Badr Hari has finally given a direct explanation for the late-career slide that has followed him through the back end of his GLORY run. He said the issue was not a lack of technique or reputation, but the loss of the mentality that once defined him: “I just couldn’t go full force at my opponents anymore. That hard edge was suddenly gone.”
Badr Hari Opens Up on Career Slide
For years, Badr Hari built his name on intimidation, pressure, and sudden violence in the ring. That image stayed intact even as the results changed, which is why his latest explanation stands out. Hari said his recent losses came when he could no longer attack with the same full commitment, speaking with FSI247 he added, “I just couldn’t go full force at my opponents anymore. That hard edge was suddenly gone.”
It is a striking admission from one of kickboxing’s most-watched heavyweights. Hari opens up and this is different from the usual fight-week talk. Instead of framing the losses around bad luck or one moment in a bout, he tied them to a shift in his own approach, and that gives a clearer lens for the final years of his career.
Badr Hari began kickboxing at age seven after his father sent him to a gym in Amsterdam so he could defend himself from neighborhood bullies. He went on to become one of the sport’s most dangerous names, collecting wins over major heavyweights and building a reputation that carried from the Netherlands to Japan and Morocco.
Hari’s rise had defining moments that still sit near the top of any career recap. In 2005, he was knocked out by Stefan Leko with a spinning back kick, then beat Leko later that year with a spinning high kick in the rematch. In 2007, he stopped Yusuke Fujimoto in 56 seconds to win the K-1 heavyweight division title.

That is why the recent downturn always felt bigger than a simple losing streak. His GLORY match against Rico Verhoeven in December 2016 ended in a second-round TKO after an arm injury, in a fight that had been billed as one of the sport’s biggest matchups. The years after that brought more setbacks, including long layoffs, more defeats, and a growing sense that the old Badr Hari danger was showing up in flashes rather than full fights.

The tension in Hari’s quote is that it points to something harder to repair than timing or conditioning. Fighters can adjust tactics, rebuild after injury, or change camps, but the willingness to go forward without hesitation is tied to identity.

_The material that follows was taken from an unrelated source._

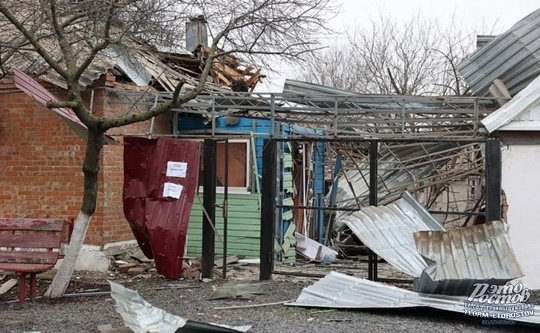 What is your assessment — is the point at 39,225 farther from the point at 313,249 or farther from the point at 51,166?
the point at 313,249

When Hari says the “hard edge” was gone, he is describing the part of his game that made him feared in the first place.

With losses to Rico Verhoeven, Arkadiusz Wrzosek, Benjamin Adegbuyi, Alistair Overeem, and Uku Jürjendal often focused on injuries, age, and decline, but Hari’s own explanation suggests the problem felt deeper than any one physical issue. His loss to Verhoeven came after the arm injury, he later went through more inactivity and setbacks, and by October 2022 he was openly considering stopping after the loss to Overeem.

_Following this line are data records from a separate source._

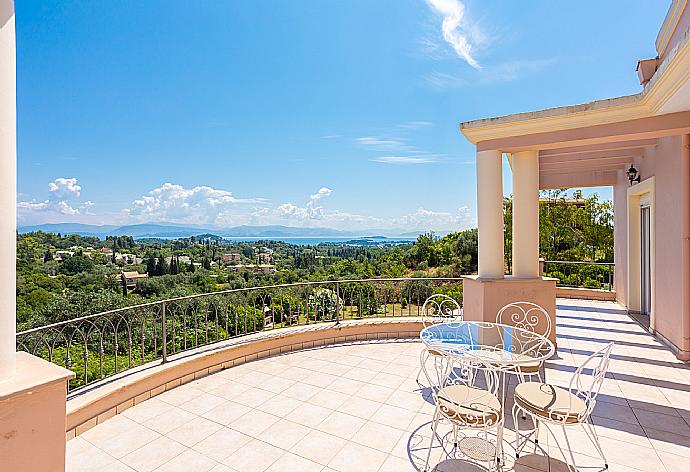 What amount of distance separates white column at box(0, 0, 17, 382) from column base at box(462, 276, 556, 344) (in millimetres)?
4324

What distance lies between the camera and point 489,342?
3.04 meters

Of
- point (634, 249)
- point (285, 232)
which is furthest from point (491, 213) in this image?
point (285, 232)

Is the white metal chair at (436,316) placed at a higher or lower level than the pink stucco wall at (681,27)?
lower

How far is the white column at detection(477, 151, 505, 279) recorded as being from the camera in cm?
459

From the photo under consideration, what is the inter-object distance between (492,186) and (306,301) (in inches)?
124

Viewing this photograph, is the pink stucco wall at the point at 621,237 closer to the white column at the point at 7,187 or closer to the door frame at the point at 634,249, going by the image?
the door frame at the point at 634,249

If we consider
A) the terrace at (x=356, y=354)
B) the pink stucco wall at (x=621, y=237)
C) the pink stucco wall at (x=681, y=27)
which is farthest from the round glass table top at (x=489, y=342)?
the pink stucco wall at (x=621, y=237)

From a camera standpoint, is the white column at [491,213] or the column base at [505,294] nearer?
the column base at [505,294]

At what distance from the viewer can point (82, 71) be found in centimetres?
1277

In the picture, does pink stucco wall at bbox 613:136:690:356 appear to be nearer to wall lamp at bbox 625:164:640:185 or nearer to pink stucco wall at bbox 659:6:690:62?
wall lamp at bbox 625:164:640:185

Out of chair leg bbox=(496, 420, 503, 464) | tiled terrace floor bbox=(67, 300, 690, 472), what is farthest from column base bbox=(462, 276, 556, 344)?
chair leg bbox=(496, 420, 503, 464)

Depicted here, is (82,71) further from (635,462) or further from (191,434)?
(635,462)

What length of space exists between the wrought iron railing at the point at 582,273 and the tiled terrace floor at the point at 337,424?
4.38 m

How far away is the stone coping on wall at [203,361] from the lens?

The last phase of his career has therefore looked like a mismatch between aura and outcome. Fans still saw the long walkouts, the name value, and the threat of a sudden finish, yet the results did not follow in the way they once did. Hari’s quote closes some of that gap, because it frames the decline as an internal change in aggression rather than a mystery that outsiders had to guess at.
Whether this becomes the defining explanation for his final stretch, it already feels like the clearest one. Badr Hari’s career was built on force, menace, and a willingness to meet opponents head-on. By his own account, the losses started to pile up when that instinct faded, and in a sport like kickboxing, that is the kind of change no resume can fully cover.